What you're expecting from Joker is a singular cause for his violence, and instead Phillips gives us a multi-causal narrative that intersects poverty, childhood trauma and mental health.
It doesn't have to be, but the two readings undercut each other. I think it would have been a more powerful and poignant film if Arthur had simply been a socially awkward poor boy.
100% disagree here.
I saw Joker yesterday, and I was telling my boyfriend I didn't like this Joker because he seemed "weak" to me. However, I used the wrong word. It's not "weak" persay... but all "interesting" qualities that we all know the Joker for having, seemed like this character lacked them (I thought Phoenix's acting was great but the screenplay's approach was obviously very different). Despite feeling a whole lot of sympathy for this character and could understand why he became what he became.... I was missing the witty and unpredictable charm that the Joker typically has. What made Heath Ledger's Joker memorable was you sympathized without knowing his full story. He was THAT fucked up. I don't want to see someone get trampled on over and over again for 2 hours, until they break. It's a bit too predictable and rational for the Joker's character, imo.
I don't get this view myself (especially sympathizing with Ledger's Joker, really?). To me it seemed like the new Joker made it a point to convey that prior to killing the 3 Wallstreeters on the train he completely lacked agency.
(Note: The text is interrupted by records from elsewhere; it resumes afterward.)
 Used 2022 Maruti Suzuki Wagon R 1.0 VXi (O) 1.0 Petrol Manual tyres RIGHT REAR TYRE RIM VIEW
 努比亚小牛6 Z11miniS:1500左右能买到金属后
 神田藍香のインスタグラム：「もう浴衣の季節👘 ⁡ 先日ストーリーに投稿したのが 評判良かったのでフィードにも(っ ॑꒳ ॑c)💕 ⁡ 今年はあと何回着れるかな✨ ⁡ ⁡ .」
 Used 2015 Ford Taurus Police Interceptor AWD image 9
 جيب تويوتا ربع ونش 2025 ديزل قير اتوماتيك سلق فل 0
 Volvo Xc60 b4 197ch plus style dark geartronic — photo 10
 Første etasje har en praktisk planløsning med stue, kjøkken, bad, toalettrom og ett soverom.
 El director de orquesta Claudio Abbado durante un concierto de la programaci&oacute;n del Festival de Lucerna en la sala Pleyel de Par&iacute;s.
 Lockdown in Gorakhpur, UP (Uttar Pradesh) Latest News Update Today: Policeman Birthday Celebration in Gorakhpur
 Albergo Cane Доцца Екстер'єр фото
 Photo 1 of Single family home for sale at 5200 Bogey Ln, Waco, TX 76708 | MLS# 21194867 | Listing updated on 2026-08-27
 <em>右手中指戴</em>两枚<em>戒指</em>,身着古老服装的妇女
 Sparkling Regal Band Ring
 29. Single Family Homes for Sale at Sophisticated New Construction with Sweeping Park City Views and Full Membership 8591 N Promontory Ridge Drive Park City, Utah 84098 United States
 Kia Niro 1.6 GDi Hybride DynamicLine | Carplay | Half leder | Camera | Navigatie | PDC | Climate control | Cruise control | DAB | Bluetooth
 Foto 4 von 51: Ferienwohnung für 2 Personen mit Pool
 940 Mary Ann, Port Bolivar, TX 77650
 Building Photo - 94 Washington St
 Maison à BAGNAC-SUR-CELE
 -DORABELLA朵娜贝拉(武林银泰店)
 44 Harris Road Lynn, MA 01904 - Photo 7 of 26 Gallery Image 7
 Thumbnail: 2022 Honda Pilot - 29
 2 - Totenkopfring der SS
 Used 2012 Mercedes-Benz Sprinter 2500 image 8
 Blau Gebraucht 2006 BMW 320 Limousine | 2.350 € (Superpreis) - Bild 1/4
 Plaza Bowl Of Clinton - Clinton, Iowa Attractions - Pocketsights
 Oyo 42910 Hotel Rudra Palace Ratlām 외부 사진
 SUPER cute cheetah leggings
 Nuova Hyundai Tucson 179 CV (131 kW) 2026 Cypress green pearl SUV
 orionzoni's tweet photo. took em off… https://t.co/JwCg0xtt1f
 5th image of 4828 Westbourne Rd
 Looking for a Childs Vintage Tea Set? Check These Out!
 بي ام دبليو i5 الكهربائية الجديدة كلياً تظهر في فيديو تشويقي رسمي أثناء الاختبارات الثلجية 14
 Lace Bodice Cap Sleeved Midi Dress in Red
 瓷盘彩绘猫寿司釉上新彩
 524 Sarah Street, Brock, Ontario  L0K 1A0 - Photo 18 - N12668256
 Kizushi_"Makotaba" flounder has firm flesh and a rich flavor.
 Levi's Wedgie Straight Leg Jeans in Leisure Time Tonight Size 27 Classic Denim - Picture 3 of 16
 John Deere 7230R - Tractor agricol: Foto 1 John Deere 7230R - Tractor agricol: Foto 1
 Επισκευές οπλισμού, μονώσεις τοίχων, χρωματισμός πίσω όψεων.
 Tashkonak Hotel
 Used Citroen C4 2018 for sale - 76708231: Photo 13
As he said, he finally feels alive and that people notice him, and so it seems to follow logically that any of the wit we know the character for could develop by the time Bruce grows up and becomes Batman (which would be like 10-15 years after this film's events?).
I know it's comic books and all, but it seems ridiculous to me that we allow for Bruce to develop traits that eventually let him become the Batman we all know, but we expect Joker to just
be what we know right from the start. This film attempts to dissolve our more cartoonish expectations of villains and I appreciate it for that at the very least.